SAN FRANCISCO — Yahoo CEO Marissa Mayer found herself in an awkward situation Thursday at the struggling Internet company’s annual conference for the makers of mobile apps.

She had to persuade an auditorium full of programmers and advertising partners that Yahoo will grow into an increasingly important player in the mobile market. This while the company is dramatically shrinking to appease restless shareholders threatening to overthrow management unless things get better.

Just before Mayer’s appearance, Yahoo tried to underscore its long-term commitment to mobile by projecting this statement on a huge screen hanging above the stage: “Imagine what the next seven years will bring.”

It’s not even clear that Yahoo will exist in its current form seven months from now, given that some of its shareholders want the company to sell its Internet operations after 3 1/2 years of declining revenue under Mayer’s leadership.
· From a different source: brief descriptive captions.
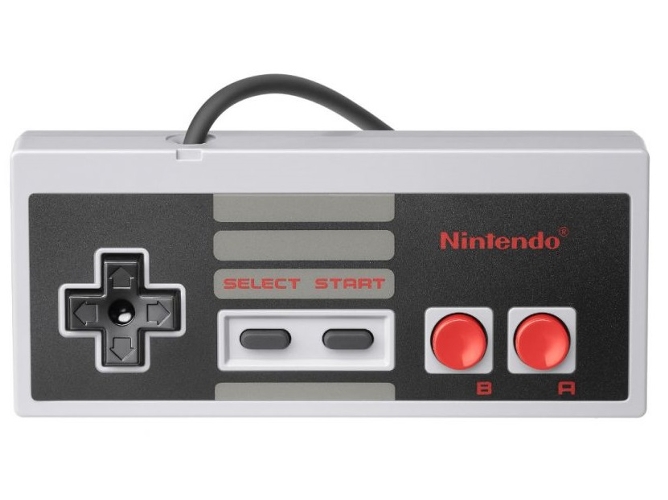 Mando NINTENDO Classic Mini HW NES Controller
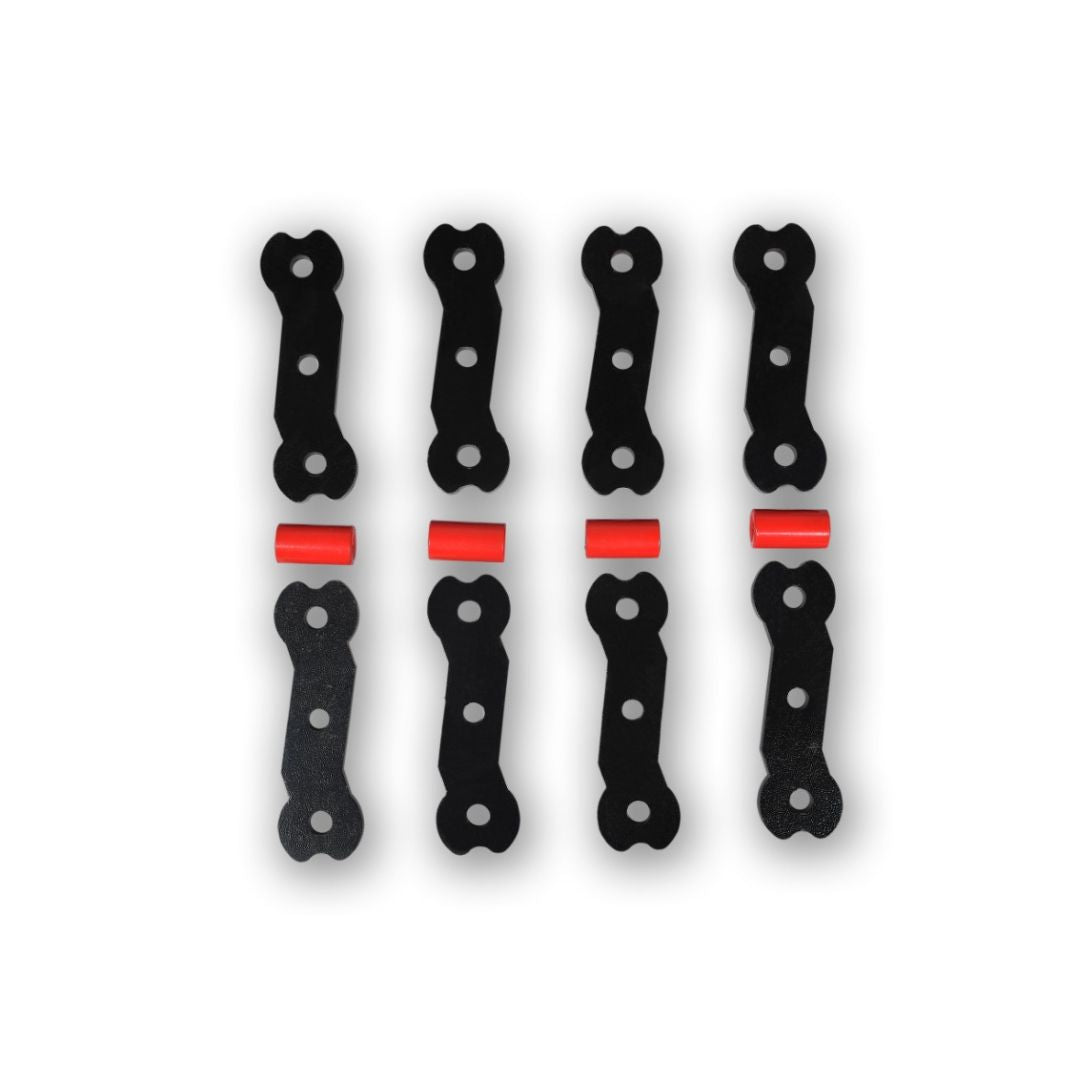 MM540 Dog bone Lift Shackles (Set of 8)- Mahindra Thar CRDE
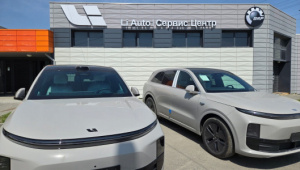 Автомобили Lixiang (Li-Auto) с пробегом из Китая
Mayer and the rest of Yahoo’s board are exploring “strategic alternatives” that could include a sale while the Sunnyvale, California, company sheds 15 percent of its workforce and closes unprofitable services.

Even though she is deviating from an original turnaround plan, Mayer has steadfastly insisted that Yahoo Inc. will have a bright future after her latest overhaul.

Mayer touched upon that theme Thursday as she emphasized that that Yahoo is still investing heavily in mobile devices despite the massive cutbacks in other areas of the company.

“There is incredible potential here,” she assured the mobile developers. “Together, we can build the future of mobile.”

Unlike her appearance at Yahoo’s inaugural mobile conference last year, Mayer gave a brief presentation before leaving most of the talking to executives that joined her management team after the company bought mobile analytics service Flurry for $270 million in 2014. Mayer also didn’t hold a news conference after her onstage appearance, allowing her to avoid further questions about Yahoo’s fate.

Mayer’s job security is shaky because Yahoo’s stock has sunk by more than 40 percent since the end of 2014, reflecting Wall Street’s frustration with her inability to deliver on her promise to revive Yahoo’s revenue growth. The company’s revenue, after subtracting ad commissions, fell 7 percent last year.